My latest read—and probably my last one of 2017—is Her Mother’s Mother’s Mother and Her Daughters by Maria José Silveira, translated from Portuguese by Eric M. B. Becker for Open Letter. I got my hands on this review copy at work, one of those few lucky happenings in which a book we assigned for review comes in the mail as a galley a few weeks after it’s already been requested for the reviewer’s purposes. The copy that finds its way to our office is thus free for the taking (and reading), and I was excited to tear into it.
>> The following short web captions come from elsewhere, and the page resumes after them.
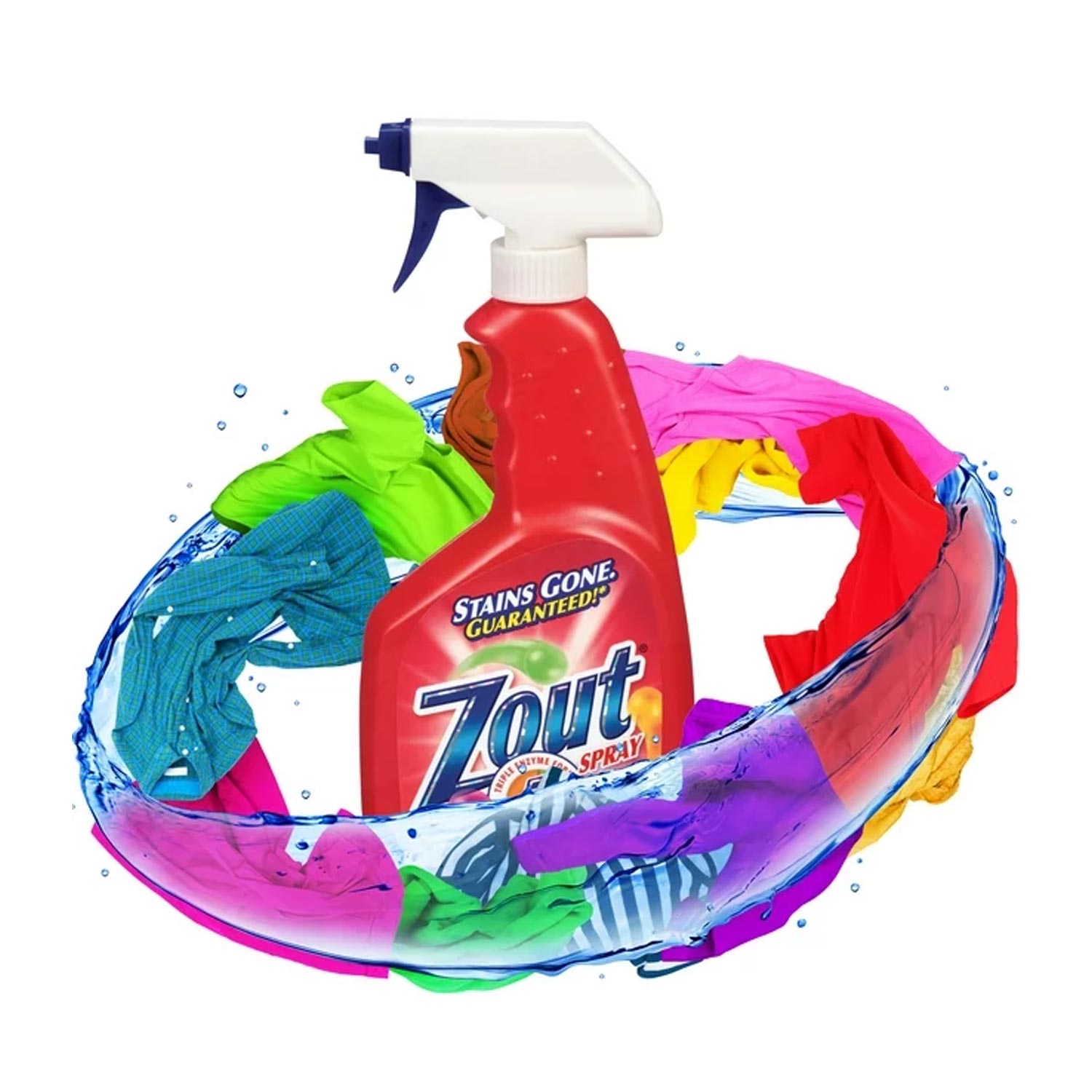 Zout Laundry Stain Remover, Foam Action, Triple Enzyme, 22 oz - obrazek 3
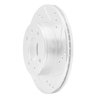 E-Line Drilled & Slotted Silver Brake Rotor, 2000-2002 Kia/Hyundai/Genesis, Position: Front Right - image 2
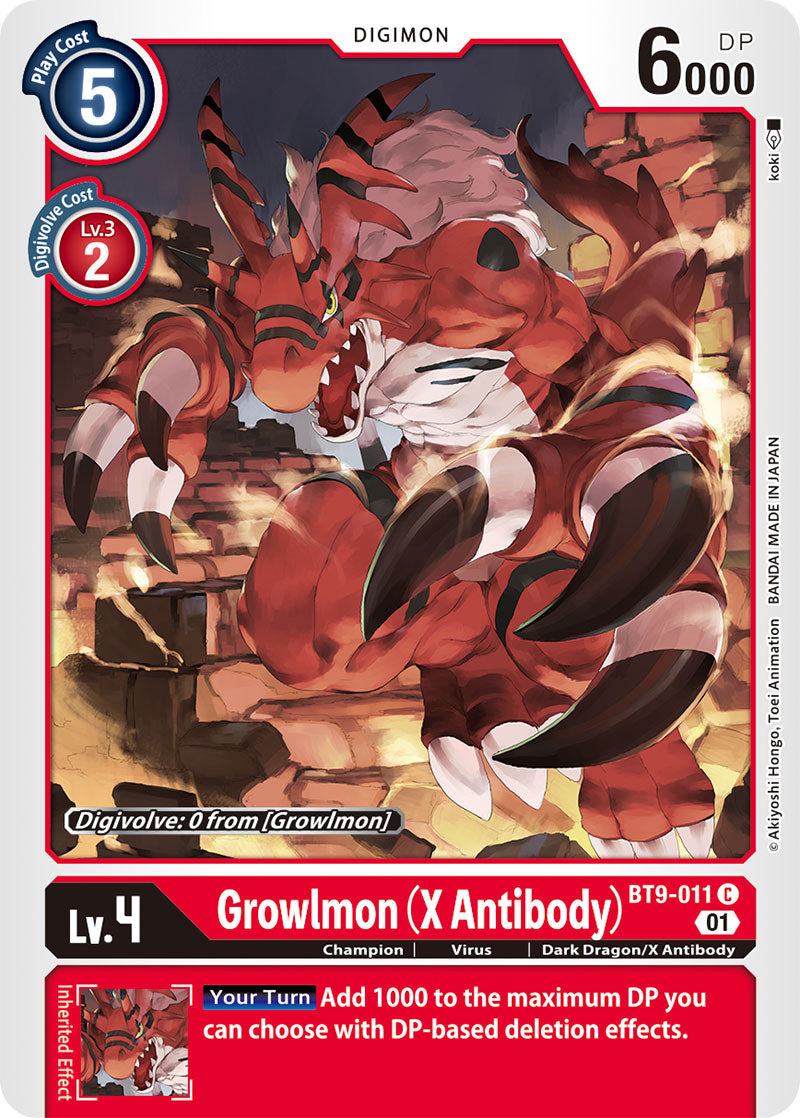 BT9-011 Growlmon (X Antibody)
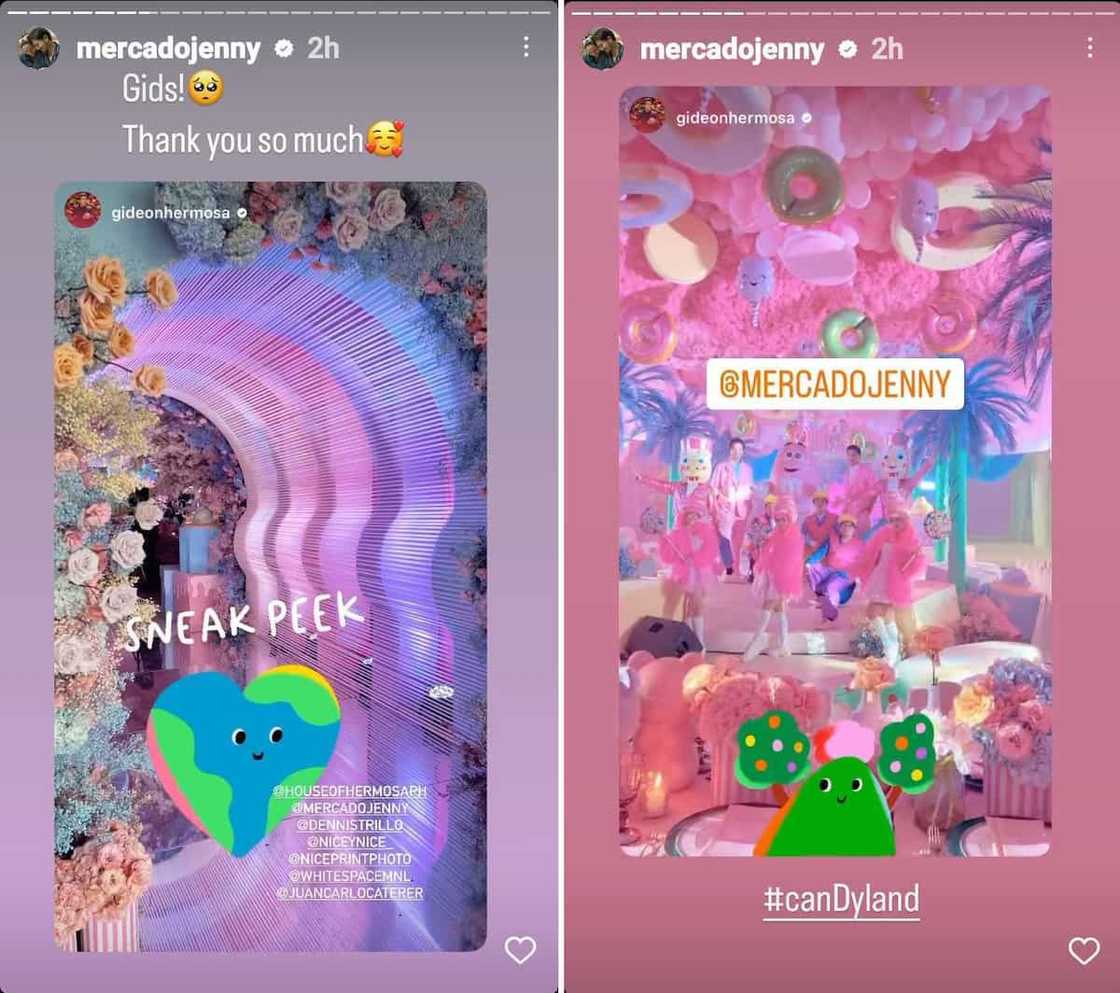 Glimpses of Jennylyn Mercado, Dennis Trillo's daughter Dylan's birthday party go viral Glimpses of Jennylyn Mercado, Dennis Trillo's daughter Dylan's birthday party go viral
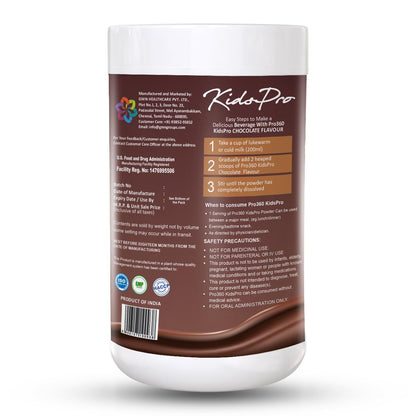 Pro360 Kidspro Protein Powder Child Nutrition & Health Supplement for Growing Children, Improves Growth and Active Strong Kids â€“ 200g (Chocolate Flavor)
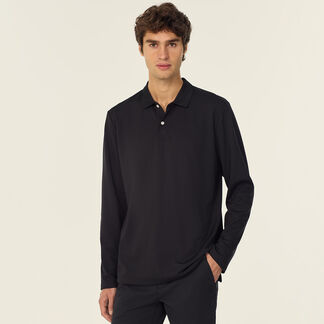Antibacterial Polyface Long Sleeve Polo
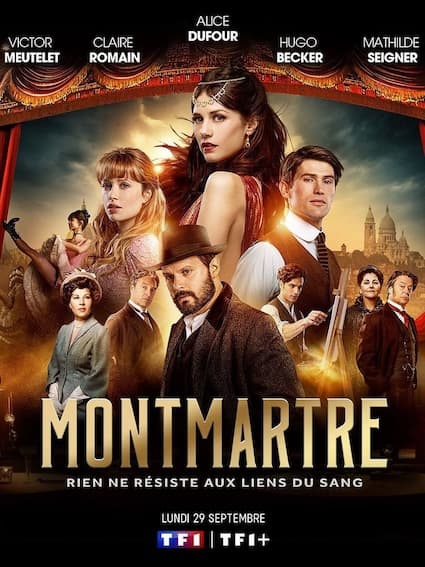 Filmposter: Montmartre, opgenomen bij Dada Studios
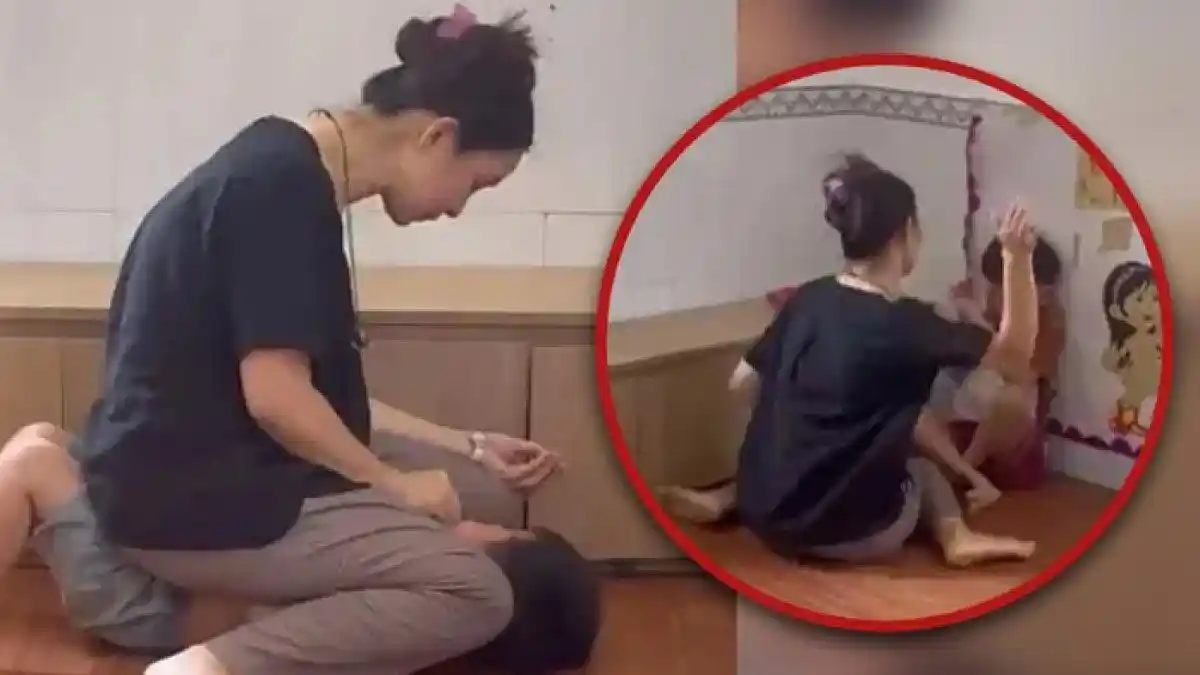 VIRAL Guru TK Pukul dan Tindih Muridnya hingga Ketakutan, Dipaksa Makan Jeruk di Pojok Dinding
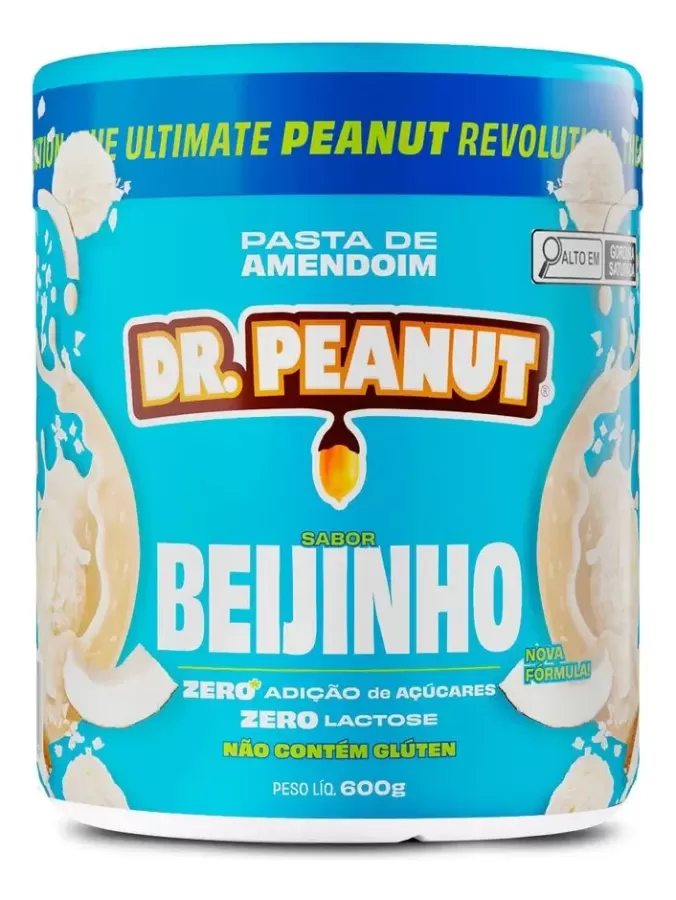 Pasta de Maní con Whey Protein Dr Peanut 600grs Beijinho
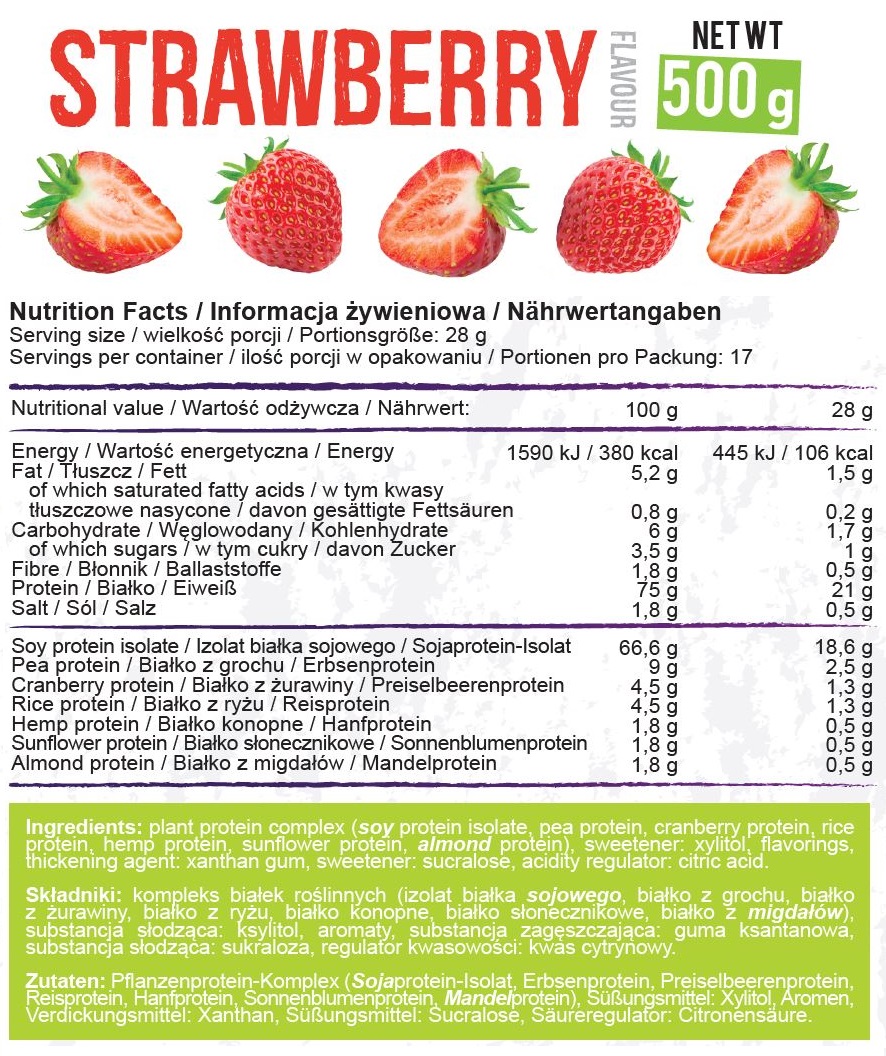 Continutul: Allnutrition Vegan Protein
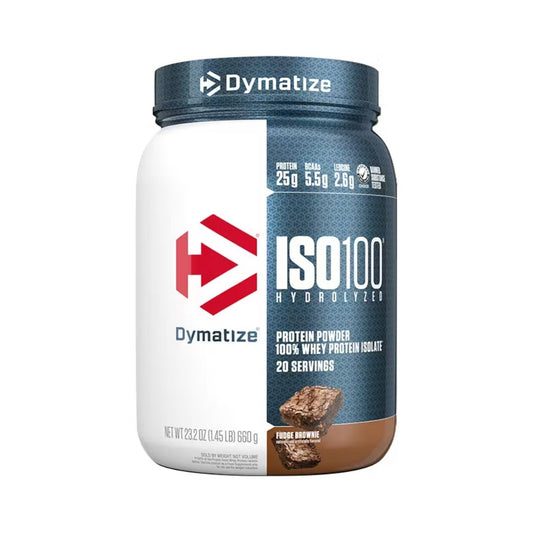 DYMATIZE ISO100 Protein Powder – Fudge Brownie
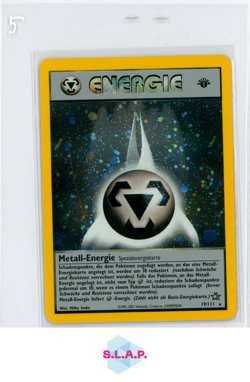 METALL-ENERGIE POKEMON 19/111 2000 NEO GENESIS 1ST EDITION HOLO GERMAN - Image 1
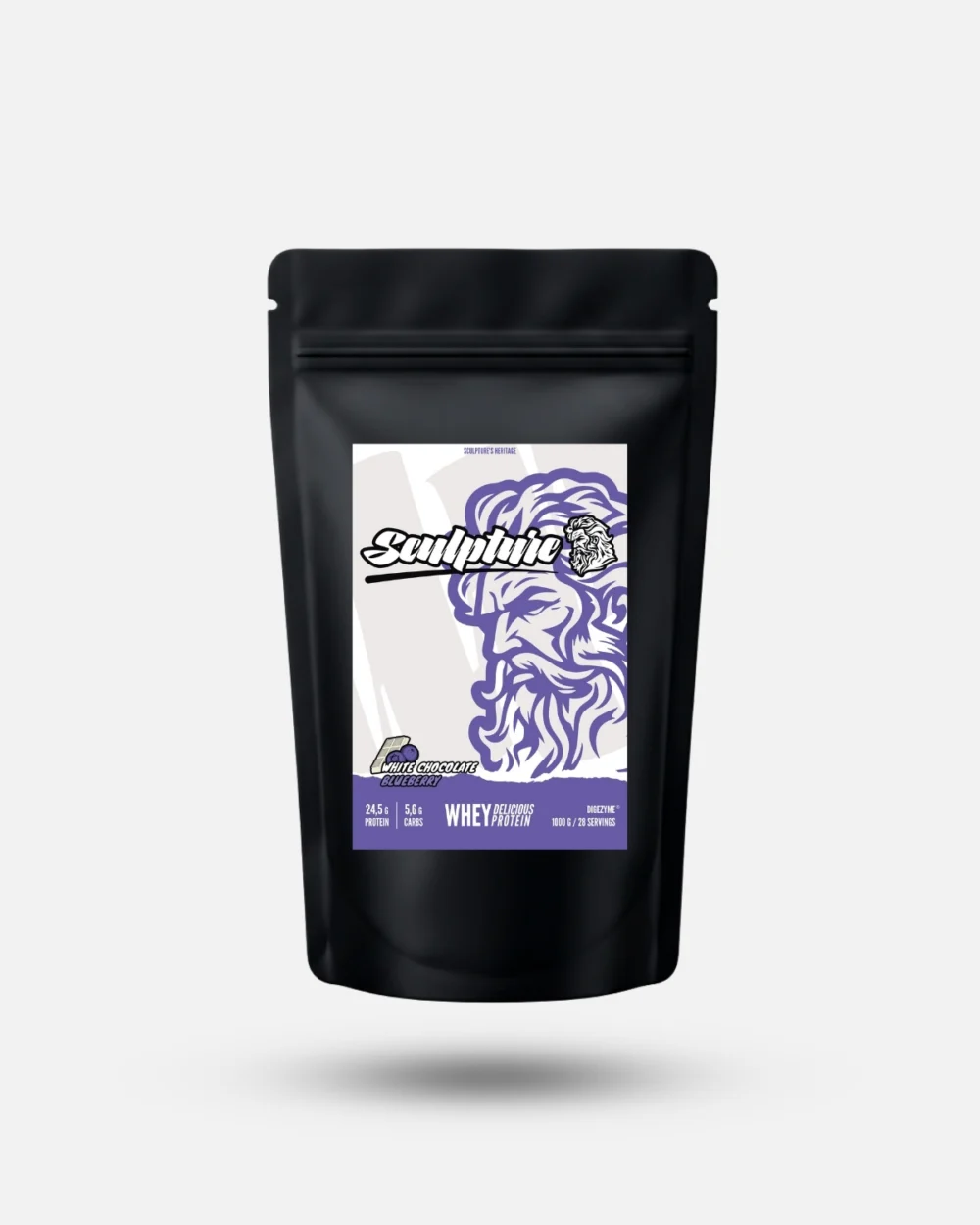 WHEY DELICIOUS PROTEIN DIGEZYME - White Chocolate Blueberry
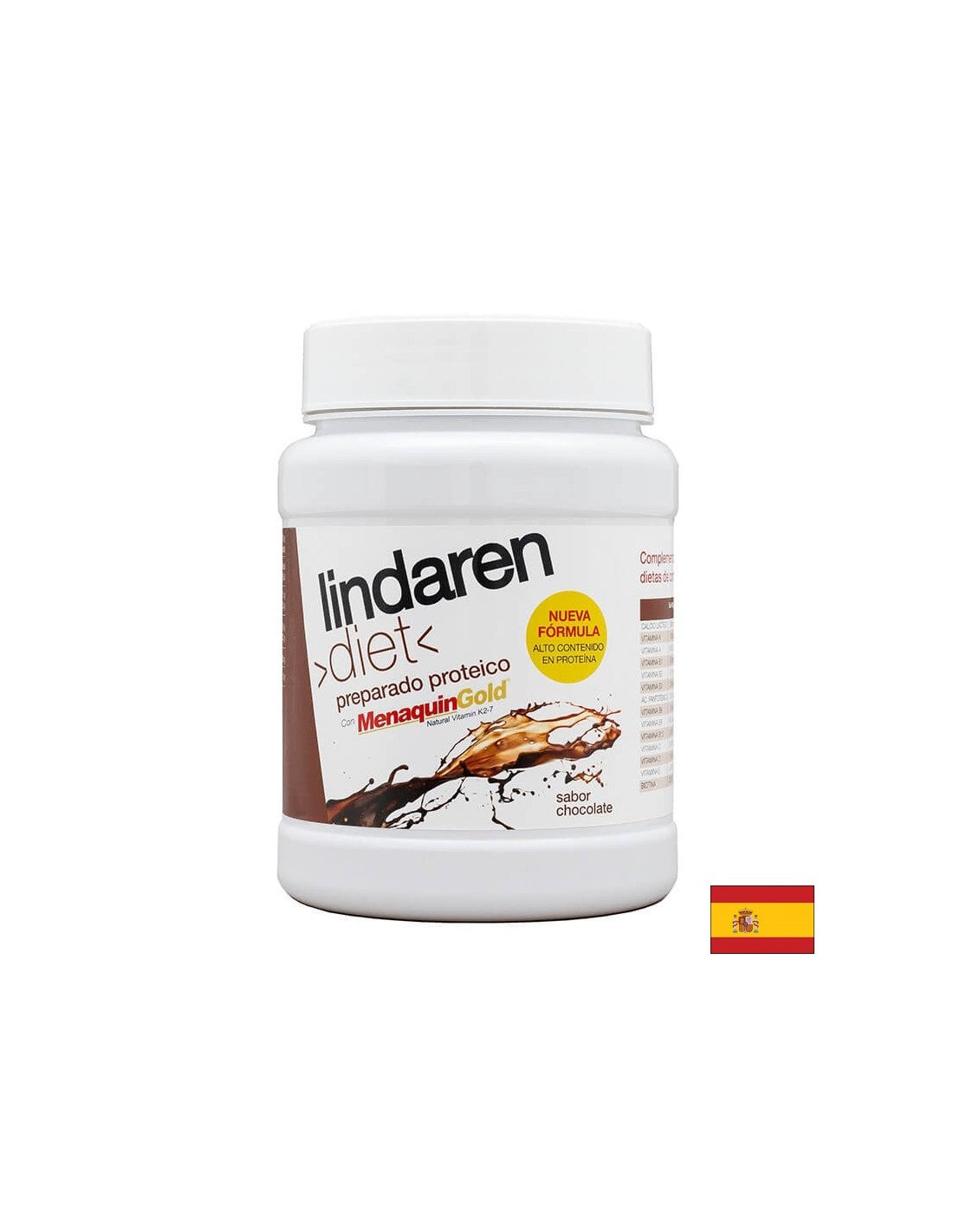 Per diete dimagranti estenuanti - Lindaren - formula dietetica con proteine, vitamine e calcio - polvere, 225 g al gusto di cioccolato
The title of this novel tells you much of what it is; it’s a generational story, following a genealogical and chronological line of women’s lives. Set in Brazil, this novel takes us through 500 years of national history through the lives of its female characters, going from native clashes (and unions) with the first colonizers, to independence, to modernity. But it doesn’t purport to be a history book. What sucks me into this book is the incredible storytelling in each section, and the ease with which we leave one woman’s life for the next. Silveira paints a panorama of Brazilian womanhood, but does it without a single broad stroke; these characters are each given their own nuance and complexity. Though I am unable to read the original Portuguese, as a translator, I find myself stopping on occasion and just admiring what Becker has done with the English language, infusing it with humor and affection and poeticism in just the right balance.
I read the first half of the book in one go while on a plane, which allowed me to keep the constantly moving and growing family tree fairly straight—but when I landed and picked up the book the next night, I had pretty much forgotten whose daughter was whose daughter was whose . . . et cetera. The good news, though, is that it doesn’t really matter if you can’t keep the lineages straight past a few generations. What matters is the simple knowledge that these characters are all related, daughters of daughters of daughters, from the runaway slave to the plantation-owning slaveholder, from the native child stolen from her murdered parents to the revolutionary jailed in a convent in Rio.
This book is an admirable monster of imagination and detail, and still manages to move at a quick pace. A few words from the introductory note to draw you in, before I go back to reading . . .
“All right.
If that’s how you want it, I’ll tell you all the story of the women of the family. But let’s take our time.
It’s a sensitive subject, the family is a difficult one, and not everything in this story is wine and roses.”